I’m doing that for a simple multi-GPU compositing kernel in my OptiX examples:
https://github.com/NVIDIA/OptiX_Apps/blob/master/apps/MDL_renderer/src/Device.cpp#L293
https://github.com/NVIDIA/OptiX_Apps/blob/master/apps/MDL_renderer/src/Device.cpp#L2065
That cuLaunchKernel() mechanism is quite awkward and care needs to be taken to not exceed any hardware limits.
2.) The simpler approach is using the CUDA Runtime API and its kernel launch mechanism with the chevron operator <<<>>>
as in your test code.
The main hurdle with that is how to setup a CMakeLists.txt which can handle native CUDA kernels and OptiX device code separately.
That is possible in different ways and with the newer CMake versions that is actually supported with the CMake LANGUAGE CUDA
feature as well.
I’ve posted a CMakeLists.txt
which shows that here:
https://forums.developer.nvidia.com/t/why-am-i-getting-optix-dir-notfound/279085/4
Note that this requires CMake 3.27 or newer.

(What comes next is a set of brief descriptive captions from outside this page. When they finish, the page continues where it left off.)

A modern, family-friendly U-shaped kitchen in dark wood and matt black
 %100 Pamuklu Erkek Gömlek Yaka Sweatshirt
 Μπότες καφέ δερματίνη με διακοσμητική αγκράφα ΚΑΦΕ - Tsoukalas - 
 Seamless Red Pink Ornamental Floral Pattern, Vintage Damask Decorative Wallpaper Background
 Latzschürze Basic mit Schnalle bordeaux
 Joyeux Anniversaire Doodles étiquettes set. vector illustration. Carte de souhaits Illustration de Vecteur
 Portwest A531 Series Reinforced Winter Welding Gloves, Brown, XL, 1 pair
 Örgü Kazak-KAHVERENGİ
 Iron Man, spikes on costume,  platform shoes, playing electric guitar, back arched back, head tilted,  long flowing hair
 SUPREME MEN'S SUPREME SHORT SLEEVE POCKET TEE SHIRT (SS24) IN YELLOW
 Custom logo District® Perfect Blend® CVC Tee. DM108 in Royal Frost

Just follow the instructions and you should have a standalone CUDA Runtime API + OptiX device code framework using CMake.
Calling CUDA kernels inside the resulting application then works the same way as in all CUDA Toolkit examples, like this:
https://github.com/NVIDIA/cuda-samples/blob/master/Samples/0_Introduction/vectorAdd/vectorAdd.cu#L147
And OptiX host and device code would work as before.
You would only need to make sure to use the correct CUDA context and CUDA stream for these kernels to have them working on the same CUDA device data.